Der Stress wird noch weiter verstärkt :
  • durch die Positionierung des kleinen Käfigs am Boden ( Stichwort -> räumliche Hierarchie)
  • durch die "Offenheit" der Gitterkonstruktion nach allen Seiten hin (keine Rückzugsmöglichkeit, kein schützender Winkel)
Von einer wie hier geschilderten Vorgehensweise zur  Vergesellschaftung von Chinchillas ist für eine Liebhaberhaltung DRINGEND abzuraten!!!

Vorteil dieser Methode:

  • erfordert wenig Vorkenntnis des Halters
  • geringer Zeitaufwand - Abschluss idR innerhalb von 24 Stunden
  • Erfolgsquote über 75%

Nachteil(e) dieser Methode:

  • bedarf einer Käfigkonstruktion, die in die Voliere passt (für manche schon ein grosses Hindernis aus Platzgründen)
  • Traumata durch offenen Deckenbereich
  • Traumata durch rundum einsehbare Seitenbereiche

Fazit und Beurteilung:

Je nach Interessenlage des Halters bzw. Züchters (s. Vorteile) kann diese Methode das richtige Mittel zum Zweck der Vergesellschaftung darstellen. Im Hinblick auf eine Liebhaberhaltung bzw. Liebhaberzucht ist von dieser Methode allerdings abzuraten. 
 
 
Ein Beispiel für eine FACHLICH KORREKTE Adaption von KÄFIG IN KÄFIG
  • kein offen begehbarer oberer Bereich
  • zwei solide Seitenfronten (Rücken- und Seitenwand)
  • Bewegungsfreiheit über mindestens eine höhere Ebene
  • Fokusierter Einsatz zur Konfliktbeilegung in einer etablierten Gruppe ( nicht zur VG neuer Tiere )

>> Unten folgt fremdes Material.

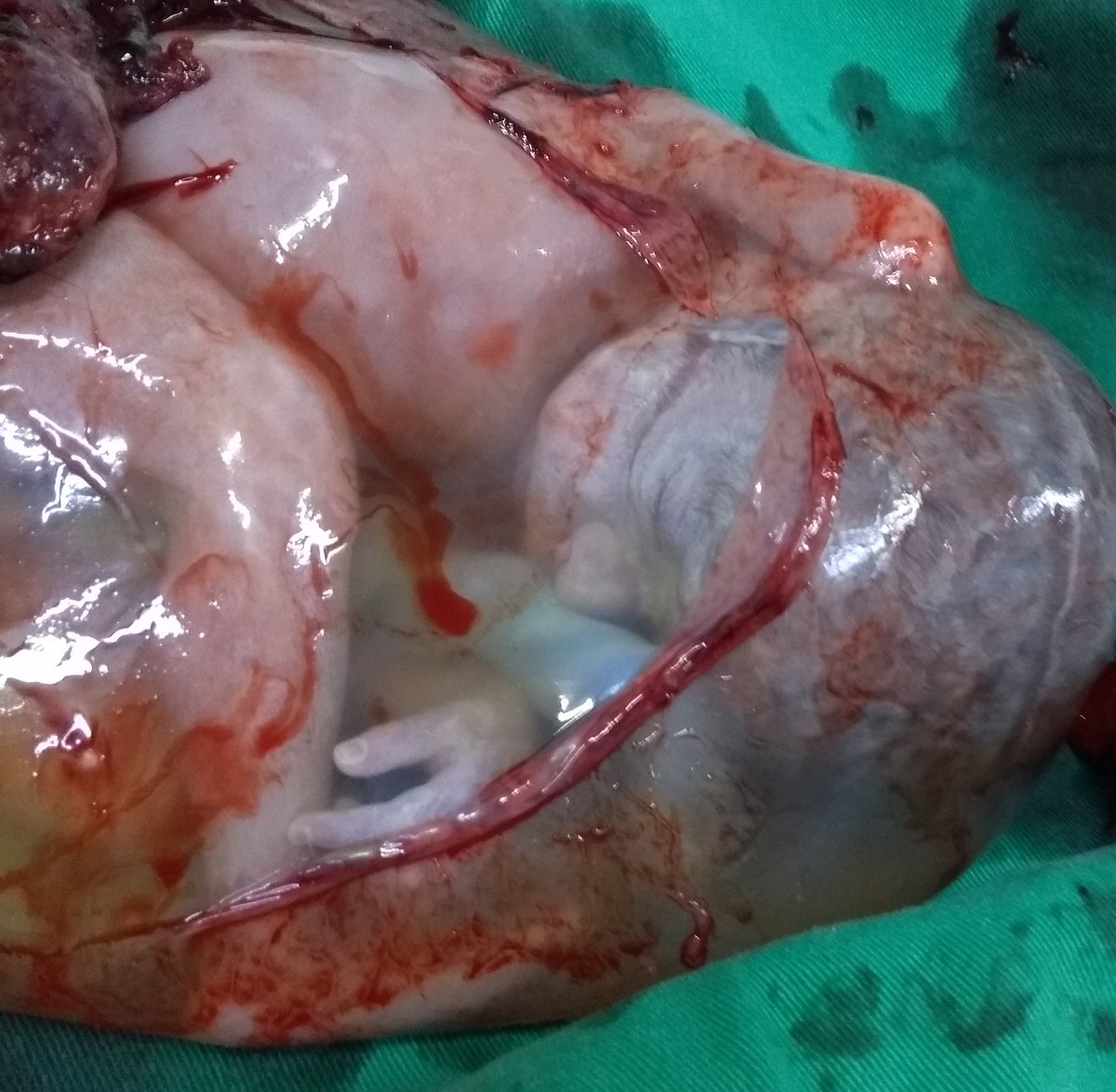 ClaudirVBrito's tweet photo. Nossa #sociedade anda tão #doente que estão preferindo condenar a #MORTE o mais inocente e menos #culpado, que #punir os verdadeiros culpados, seja o #pai ou a #mãe #INCONSEQUENTE.
@Terra__Brasilis
@brasilparalelo
@jairbolsonaro
@Biakicis
@carlosjordy https://t.co/KBlhDXenZy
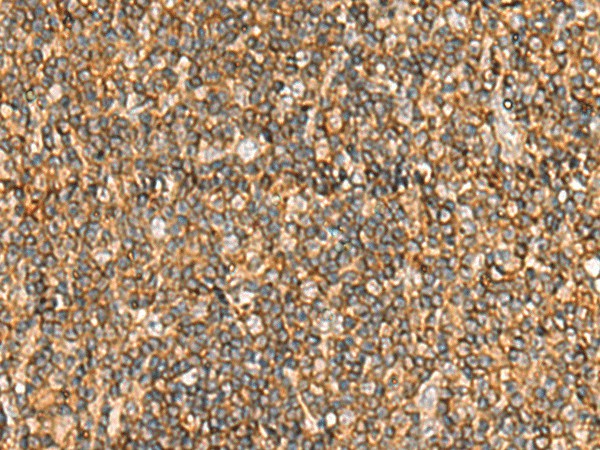 NLRC4 Polyclonal Antibody (E-AB-52183)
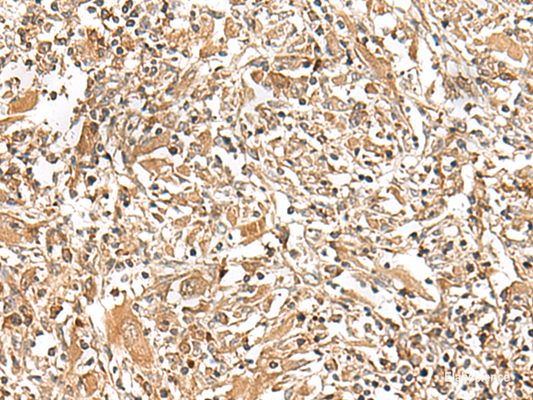 Immunohistochemistry of paraffin-embedded Human liver cancer tissue  using GEMIN4 Polyclonal Antibody at dilution of 1:30(×200)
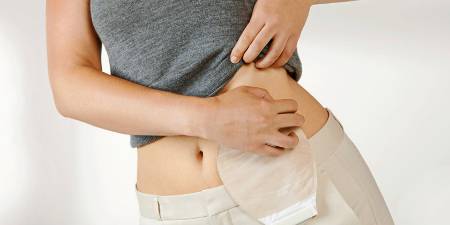 paciente ostomizado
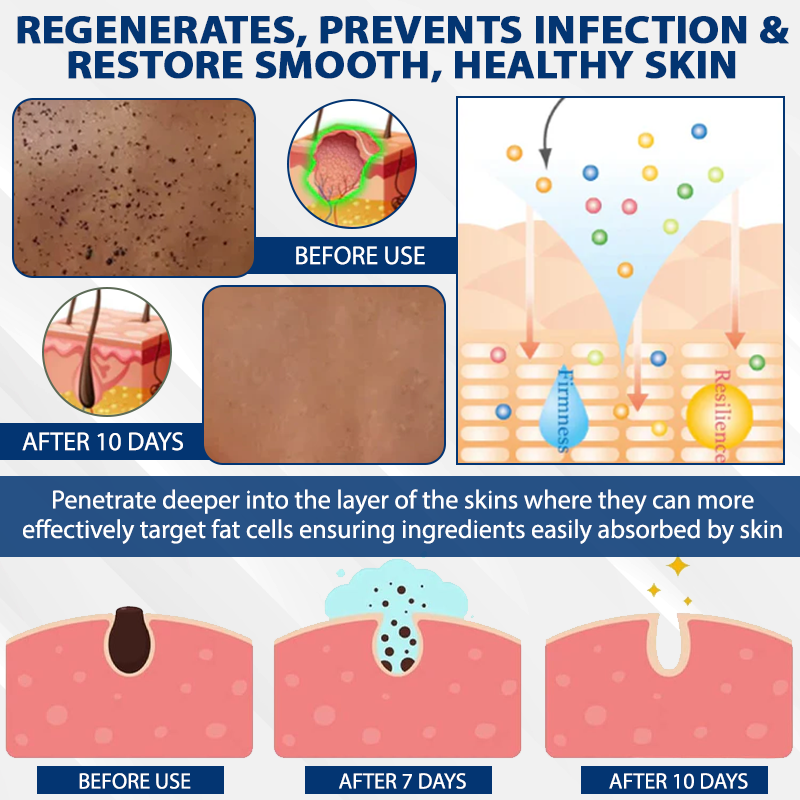 ATTDX® DermaSoft Tag & Mole Clear Gel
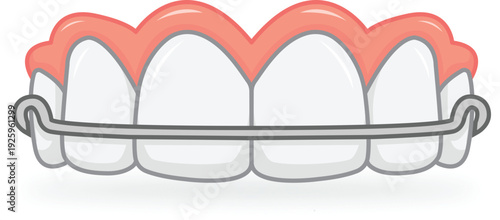 Dental retainer hawley illustration isolated on brown background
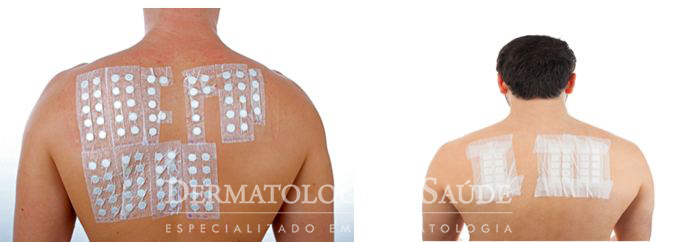 teste-de-contato-dermatologia-e-saude-3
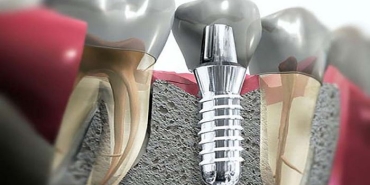 implant-nedir-D5BdQpPs.jpg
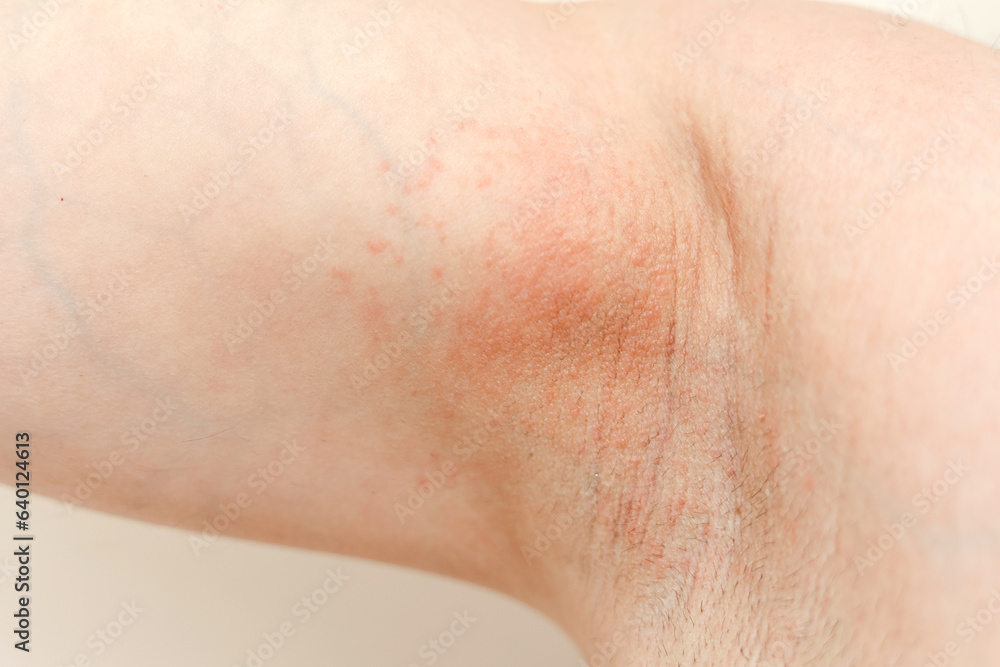 Allergy underarm. Cropped photo of irritation, inflammation on the sensitive skin after using a razor, trimmer, toxic deodorant or antiperspirant. Armpit rash. Atopic dermatitis. Acne or red spots.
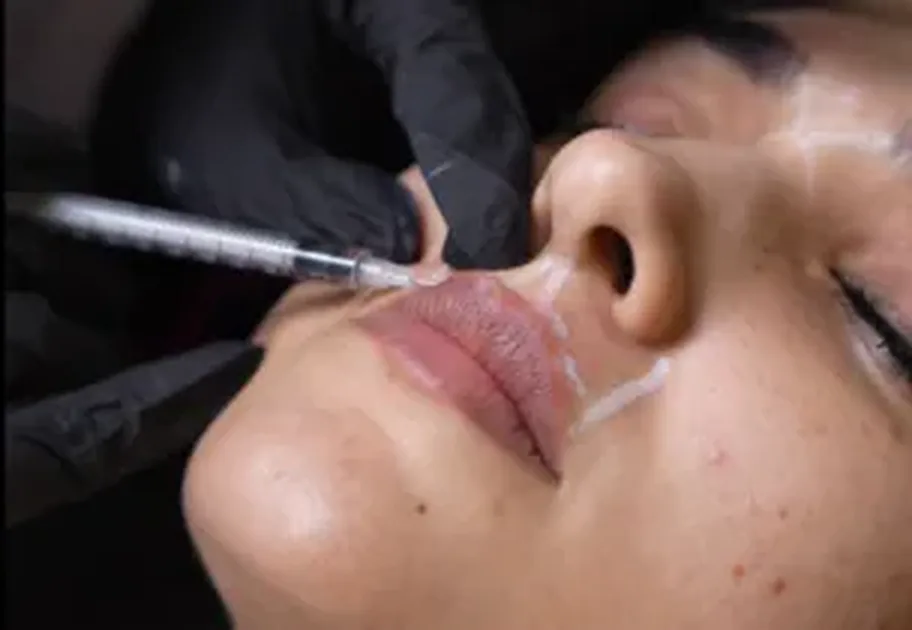 Lip Flip at Venus Aesthetics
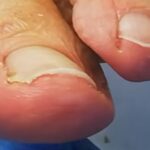 Trattare infezione unghia piede incarnita e dolorosa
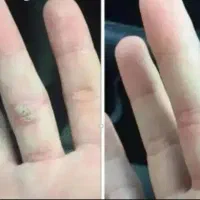 خال گوشتی نواحی خصوصی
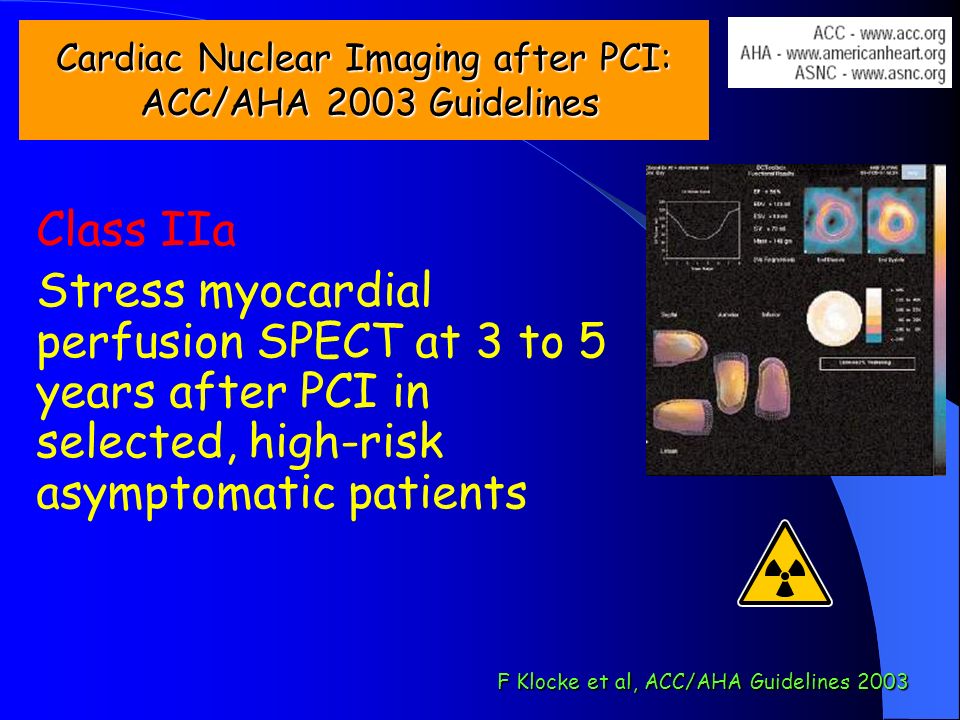 Cardiac Nuclear Imaging after PCI: ACC/AHA 2003 Guidelines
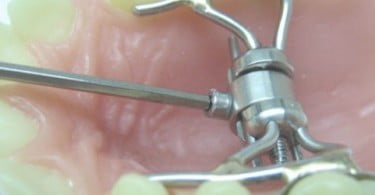 Ortoplus lança novo expansor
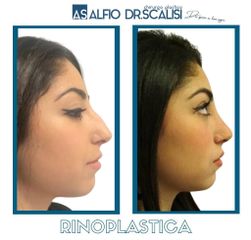 Rinoplastica - Dott. ALFIO SCALISI - 4 Spa Medical Clinic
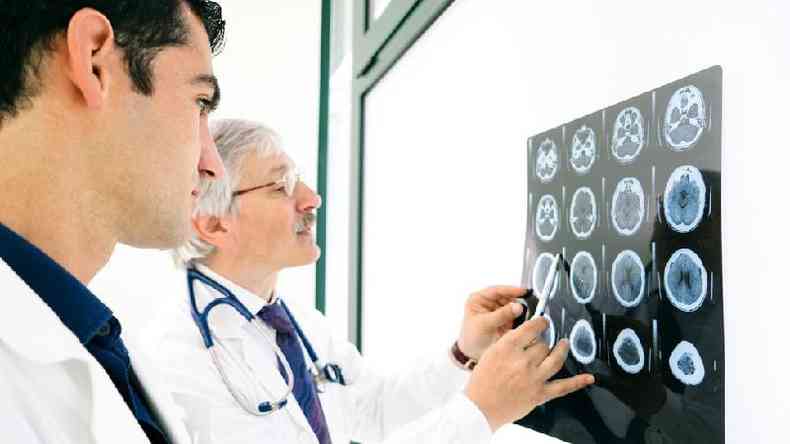 Médicos observam scanner cerebral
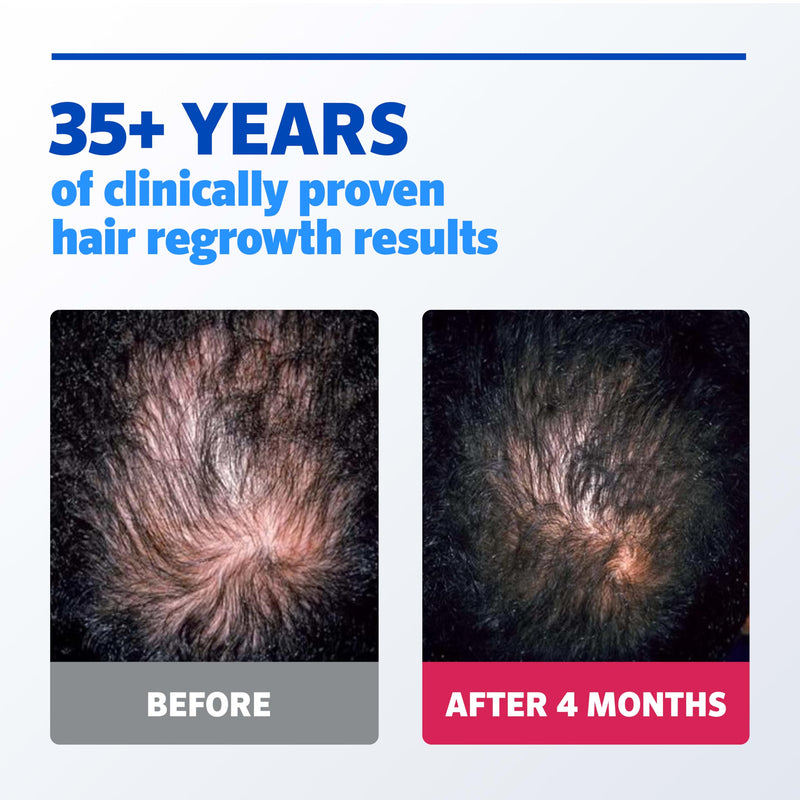 Men's Rogaine Extra Strength 5% Minoxidil Solution, 1 Mo Supply, 2 Fl Oz Solution Topical Treatment (1-Month Supply)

BOX, KÄFIG, VOLIERE 123 ...

Diese Vorgehensweise beginnt meist mit der Methode der Tierhändler unter Verwendung eines kleinen Schaugitterkäfigs. Hier werden bis zu 5 Chinchillas in eine Gitterkonstruktion gepfercht. Es folgt am gleichen Tag :

  1. ein Umsetzen in einen handelsüblichen Pelzzuchtkäfig.
  2. Dann ein weiteres Umsetzen in einen mittelgroßen Käfig
  3. und schließlich ein Umsetzen in die endgültig vorgesehenen Voliere.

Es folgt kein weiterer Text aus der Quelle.